== Segment start ==

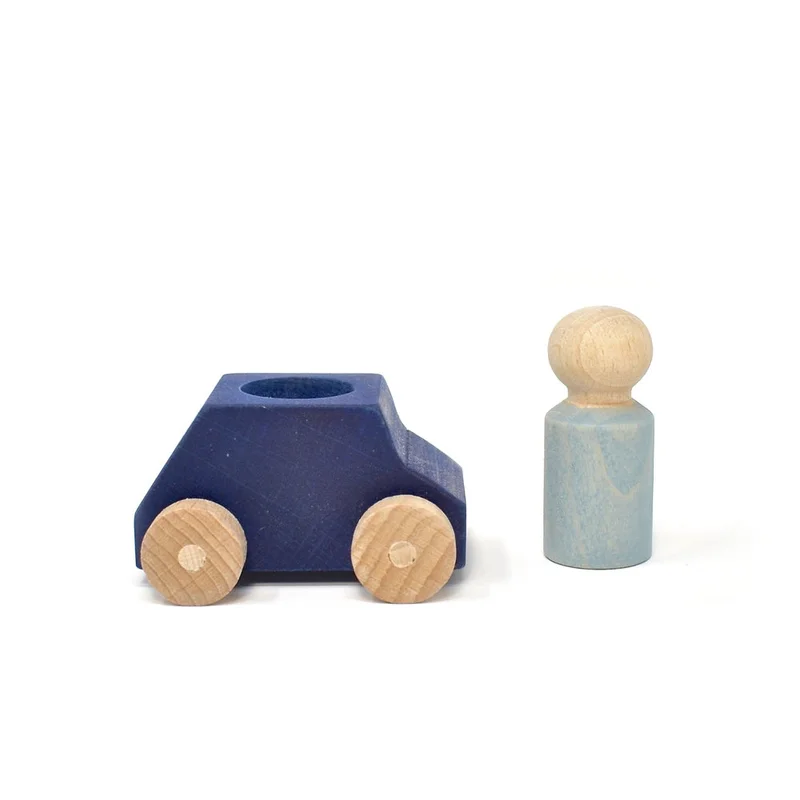 littlegoosetoys1910900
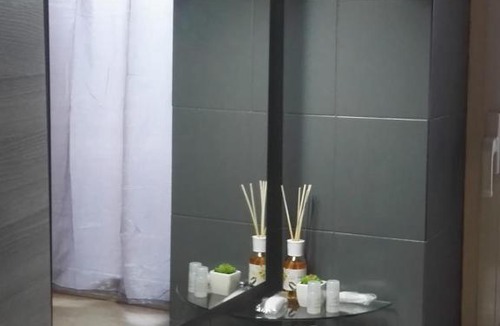 Frosinone Bed & Breakfast | B&B via Piave da Lillo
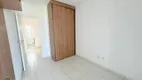 Foto 41 de Apartamento com 3 Quartos à venda, 92m² em Mirim, Praia Grande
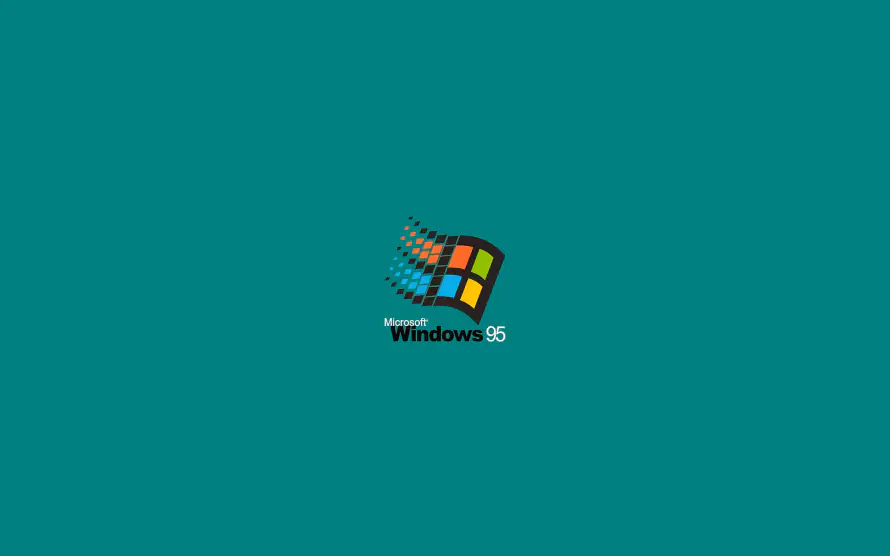 3k简约壁纸-Windows - 桌面-免费下载「哲风壁纸」 3k简约壁纸-Windows - 桌面-免费下载「哲风壁纸」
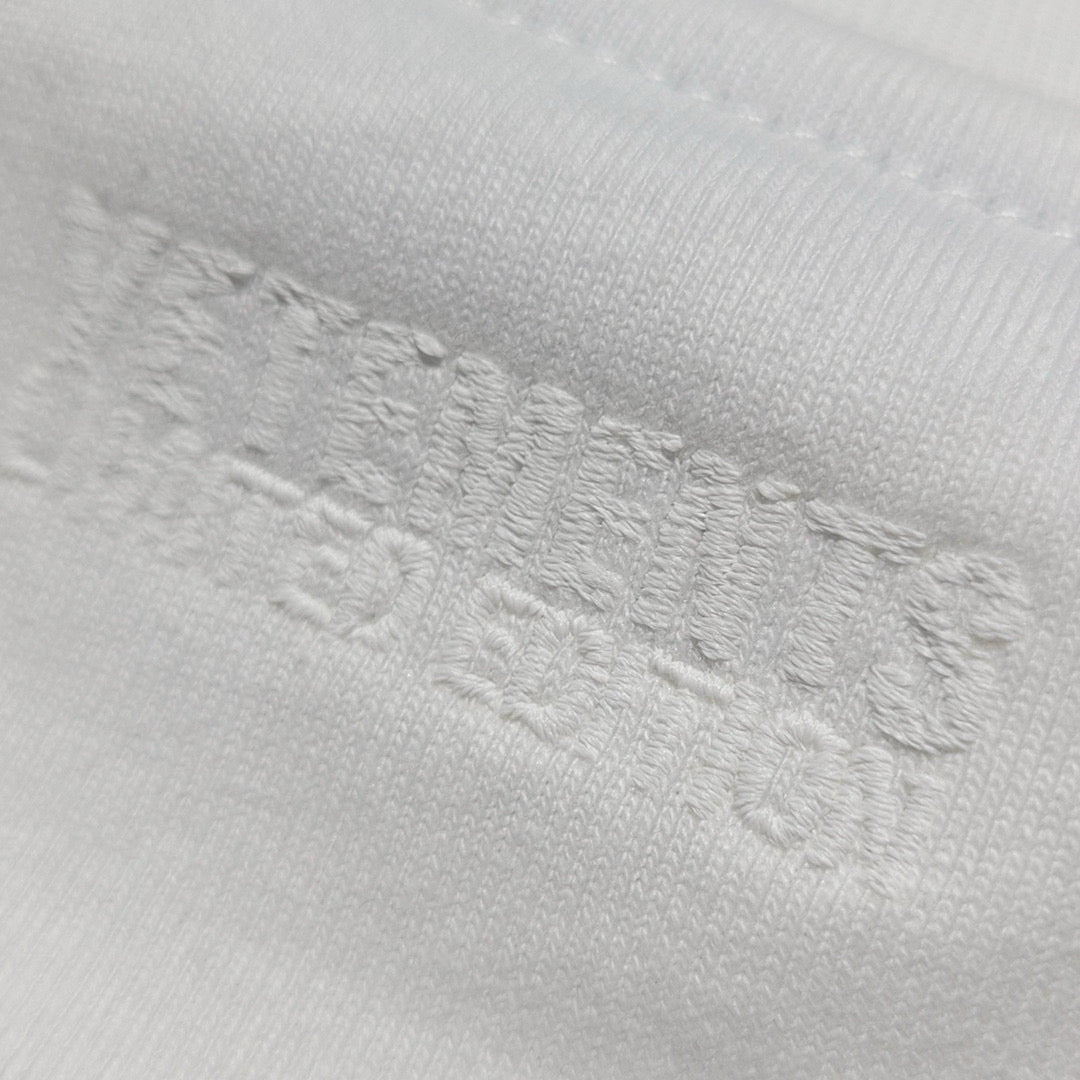 VTM T-shirt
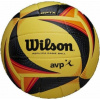 Wilson Optx AVP Replica Game Voleyball WTH01020XB Žlutá 5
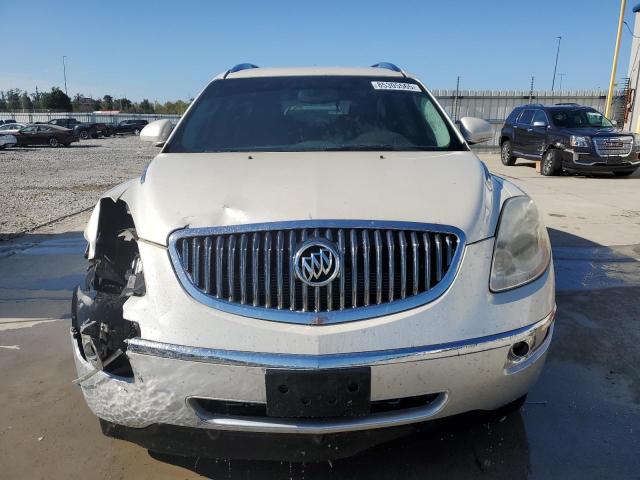 Photo 5 from auction – 2012 BUICK ENCLAVE with VIN 5GAKRCED2CJ100242
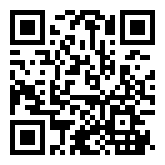 https://www.fou.net/post/91998.html
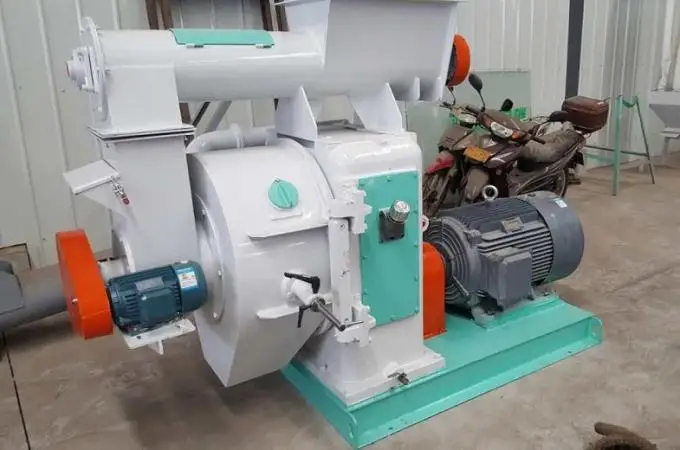 Helium Gas for Balloons, Party Helium Gas, Balloon Helium Gas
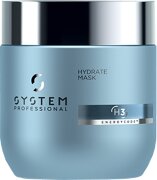 System Professional EnergyCode H3 Hydrate Mask System Professional EnergyCode H3 Hydrate Mask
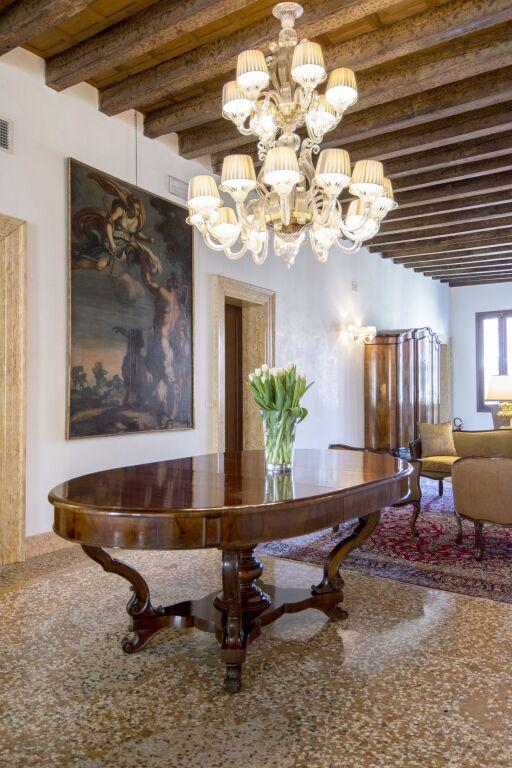 hotel image 36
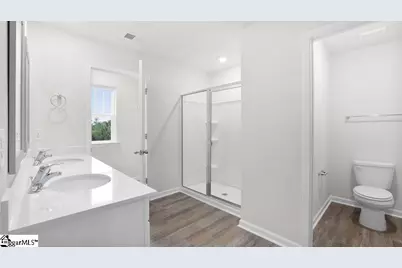 2122 Pierett Circle, Woodruff, SC 29388 - Photo 30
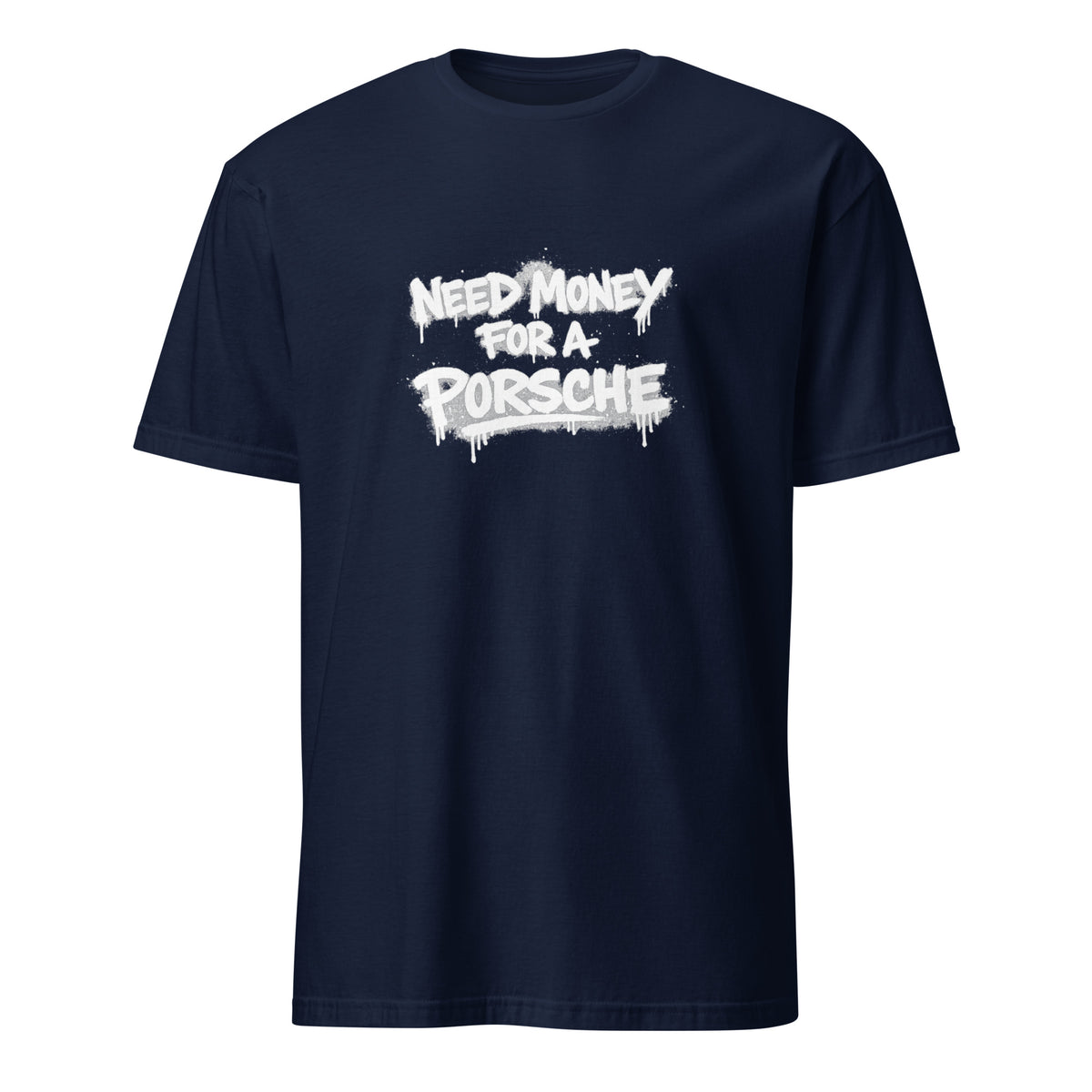 Need Money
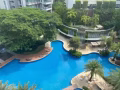 四美公寓double bay单间出租年轻人合租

== Segment end ==

**What you have to do:** Transcribe the full listing exactly, but keep every image out of it.

**Task answer:**
 littlegoosetoys1910900
 Frosinone Bed & Breakfast | B&B via Piave da Lillo
 Foto 41 de Apartamento com 3 Quartos à venda, 92m² em Mirim, Praia Grande
 3k简约壁纸-Windows - 桌面-免费下载「哲风壁纸」 3k简约壁纸-Windows - 桌面-免费下载「哲风壁纸」
 VTM T-shirt
 Wilson Optx AVP Replica Game Voleyball WTH01020XB Žlutá 5
 Photo 5 from auction – 2012 BUICK ENCLAVE with VIN 5GAKRCED2CJ100242
 https://www.fou.net/post/91998.html
 Helium Gas for Balloons, Party Helium Gas, Balloon Helium Gas
 System Professional EnergyCode H3 Hydrate Mask System Professional EnergyCode H3 Hydrate Mask
 hotel image 36
 2122 Pierett Circle, Woodruff, SC 29388 - Photo 30
 Need Money
 四美公寓double bay单间出租年轻人合租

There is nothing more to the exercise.